Bu sabah iki çay, bir Türk kahvesi içiyorum. Futboldan anlamayan bir adam olmama rağmen maçla ilgili iddialarını dinlediğim Erdem keyiflendiriyor beni. Öyle canlı bir yüzü ve incinmemiş bir heyecanı var ki “Akşamları da uğra abi, laflarız” deyip ayağa kalkıyor. Dükkânı bugün o açacakmış.
Arkasından ben de kalkıyorum. Benim dükkânım, bilgisayarım. Dergideki maaşlı işimi bıraktıktan sonra boşta gezerken çocukluk arkadaşım Ümit bulaştırdı beni çantacılığa. “Hindistan’dan mal getiren arkadaşım var. İyi kazanırsın bu işten” deyip benden çok o uğraştı hazırlıklarla.

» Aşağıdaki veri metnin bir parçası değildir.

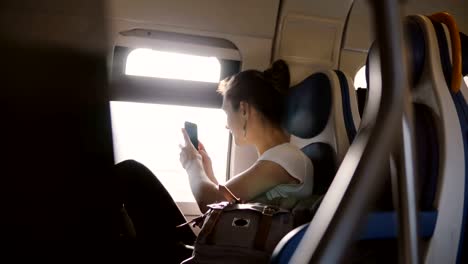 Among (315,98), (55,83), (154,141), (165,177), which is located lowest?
(165,177)

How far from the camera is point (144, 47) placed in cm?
205

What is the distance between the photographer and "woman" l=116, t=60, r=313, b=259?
1.64 metres

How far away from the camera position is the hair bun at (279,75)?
1932 millimetres

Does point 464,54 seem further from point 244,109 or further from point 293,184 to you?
point 244,109

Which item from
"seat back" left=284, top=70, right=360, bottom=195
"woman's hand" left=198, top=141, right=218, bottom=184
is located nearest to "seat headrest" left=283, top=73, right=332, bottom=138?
"seat back" left=284, top=70, right=360, bottom=195

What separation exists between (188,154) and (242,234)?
2.86ft

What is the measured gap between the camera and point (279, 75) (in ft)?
6.47

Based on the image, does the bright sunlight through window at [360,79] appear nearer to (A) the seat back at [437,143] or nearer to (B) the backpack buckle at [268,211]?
(A) the seat back at [437,143]

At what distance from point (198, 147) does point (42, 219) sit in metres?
1.34

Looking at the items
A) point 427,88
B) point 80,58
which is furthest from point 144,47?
point 80,58

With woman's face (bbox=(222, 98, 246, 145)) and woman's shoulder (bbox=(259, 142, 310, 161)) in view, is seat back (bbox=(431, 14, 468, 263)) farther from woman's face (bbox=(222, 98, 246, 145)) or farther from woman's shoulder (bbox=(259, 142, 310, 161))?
woman's face (bbox=(222, 98, 246, 145))

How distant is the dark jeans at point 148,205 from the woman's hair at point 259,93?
1.36 ft

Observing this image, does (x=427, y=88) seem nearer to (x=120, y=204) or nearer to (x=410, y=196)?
(x=410, y=196)

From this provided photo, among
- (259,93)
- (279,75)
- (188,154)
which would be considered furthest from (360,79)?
(188,154) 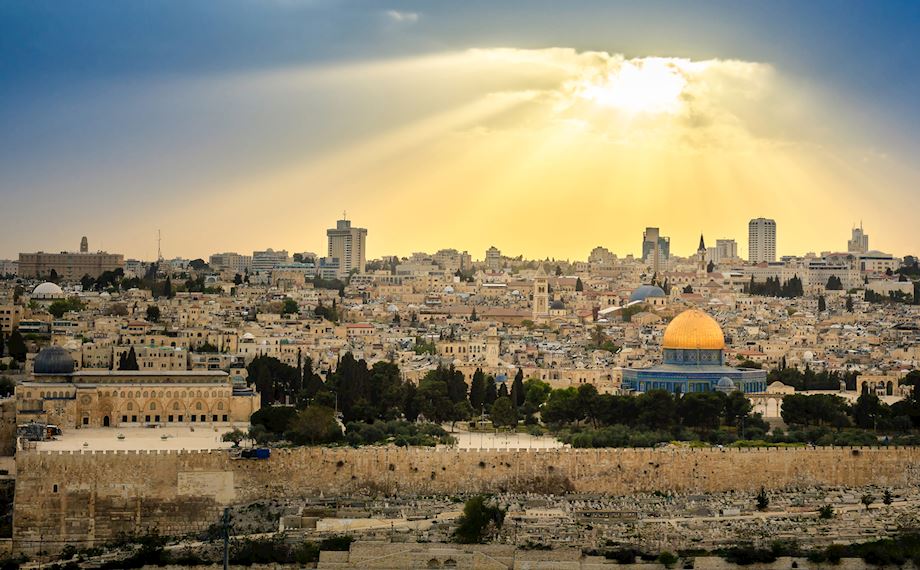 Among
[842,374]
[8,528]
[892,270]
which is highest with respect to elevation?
[892,270]

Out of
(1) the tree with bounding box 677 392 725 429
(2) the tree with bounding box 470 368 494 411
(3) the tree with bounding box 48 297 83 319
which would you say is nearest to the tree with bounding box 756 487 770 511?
(1) the tree with bounding box 677 392 725 429

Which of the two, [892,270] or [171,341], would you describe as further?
[892,270]

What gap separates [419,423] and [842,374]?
16.9 metres

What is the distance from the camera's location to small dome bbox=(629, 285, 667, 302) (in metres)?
78.6

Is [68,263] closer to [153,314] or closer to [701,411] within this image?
[153,314]

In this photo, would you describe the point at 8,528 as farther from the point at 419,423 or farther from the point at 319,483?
the point at 419,423

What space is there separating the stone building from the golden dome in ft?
39.1

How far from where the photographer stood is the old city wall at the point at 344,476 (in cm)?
3250

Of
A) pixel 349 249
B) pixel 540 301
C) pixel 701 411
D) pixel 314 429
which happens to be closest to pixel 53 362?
pixel 314 429

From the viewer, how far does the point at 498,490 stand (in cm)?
3434

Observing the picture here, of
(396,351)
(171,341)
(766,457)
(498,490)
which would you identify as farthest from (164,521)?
(396,351)

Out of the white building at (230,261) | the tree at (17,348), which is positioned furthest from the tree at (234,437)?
the white building at (230,261)

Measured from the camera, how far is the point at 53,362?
41000mm

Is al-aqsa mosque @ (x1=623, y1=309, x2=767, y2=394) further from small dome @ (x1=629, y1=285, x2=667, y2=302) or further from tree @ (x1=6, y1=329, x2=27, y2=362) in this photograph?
small dome @ (x1=629, y1=285, x2=667, y2=302) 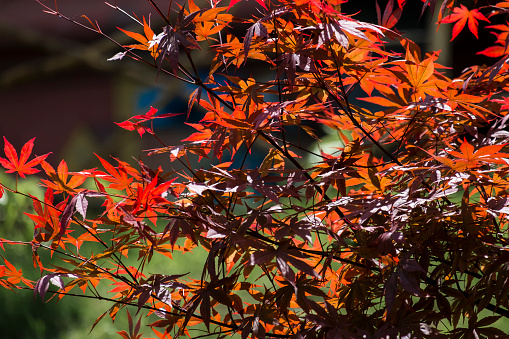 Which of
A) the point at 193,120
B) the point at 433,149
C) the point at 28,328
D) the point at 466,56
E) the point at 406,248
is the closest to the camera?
the point at 406,248

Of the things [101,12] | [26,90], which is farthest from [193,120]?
[26,90]

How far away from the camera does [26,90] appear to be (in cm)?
538

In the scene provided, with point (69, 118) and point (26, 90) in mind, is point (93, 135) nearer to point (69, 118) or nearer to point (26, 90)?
point (69, 118)

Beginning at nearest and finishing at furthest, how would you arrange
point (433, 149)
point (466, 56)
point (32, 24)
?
point (433, 149), point (466, 56), point (32, 24)

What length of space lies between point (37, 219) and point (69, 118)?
4272 millimetres

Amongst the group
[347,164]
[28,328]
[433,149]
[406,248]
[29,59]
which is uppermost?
[29,59]

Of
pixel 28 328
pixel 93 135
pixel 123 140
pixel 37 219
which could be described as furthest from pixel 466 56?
pixel 37 219

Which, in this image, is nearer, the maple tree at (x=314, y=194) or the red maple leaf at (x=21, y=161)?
the maple tree at (x=314, y=194)

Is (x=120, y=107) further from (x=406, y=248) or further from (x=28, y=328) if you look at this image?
(x=406, y=248)

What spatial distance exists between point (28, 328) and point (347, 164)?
6.90 ft

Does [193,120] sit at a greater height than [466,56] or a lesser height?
lesser

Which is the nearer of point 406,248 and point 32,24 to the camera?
point 406,248

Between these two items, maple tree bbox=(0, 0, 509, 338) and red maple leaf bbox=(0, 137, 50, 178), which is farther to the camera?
red maple leaf bbox=(0, 137, 50, 178)

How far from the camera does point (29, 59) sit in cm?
555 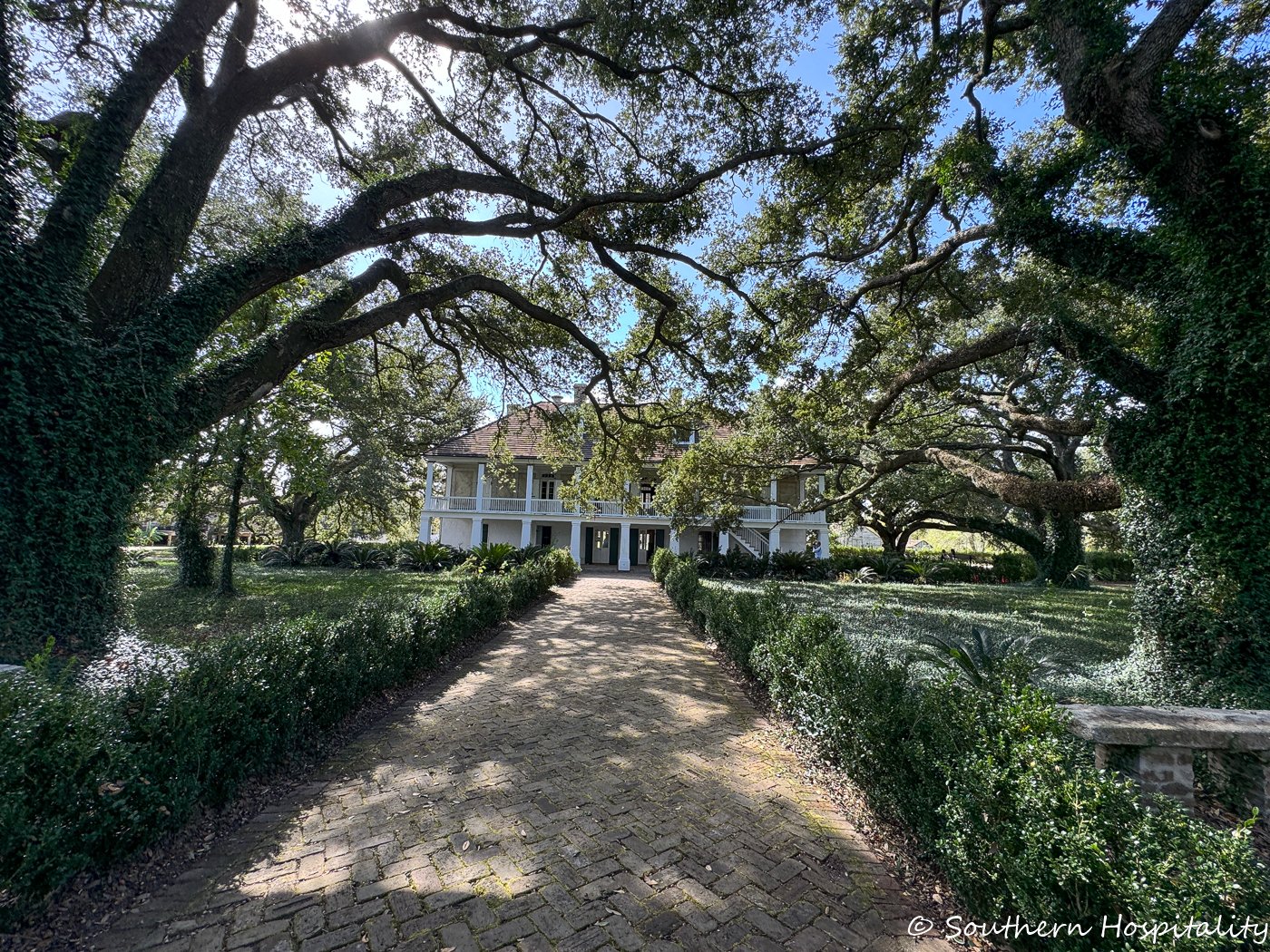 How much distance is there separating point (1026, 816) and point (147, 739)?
428cm

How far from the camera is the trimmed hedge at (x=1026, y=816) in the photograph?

Bağlantıları kurdu, internet sitesini hazırlamama yardım etti, depo ve nakliye işlerini düzene oturttu. Baktım benden çok anlıyor bu işten, “Birlikte çalışalım” dedim. İyi ki kabul etti. O olmasa bu kadar işin üstesinden tek başıma gelebilir miydim, bilmiyorum. Kazanmasına kazanıyorum -hakkını yiyemem- ama üretmiyorum. Bez çantaya bir sürü para veren insanların ruh halini anlamak zor. Sonra diyorum ki sana ne be adam, sen kazandığına bak, el alem ne yaparsa yapsın!
Evin arka cephesine bakan odalardan birini ofis yaptım kendime. Sessiz ve karanlık bir oda. Kahvaltımı bitirmeden telefon trafiği başlıyor; siparişler, kargodaki gecikmeler, yeni ürünler... Doların tekinsiz hallerinden sebep sık sık içim sıkışıyor. Gün, işleri bitirmeye yetmiyor.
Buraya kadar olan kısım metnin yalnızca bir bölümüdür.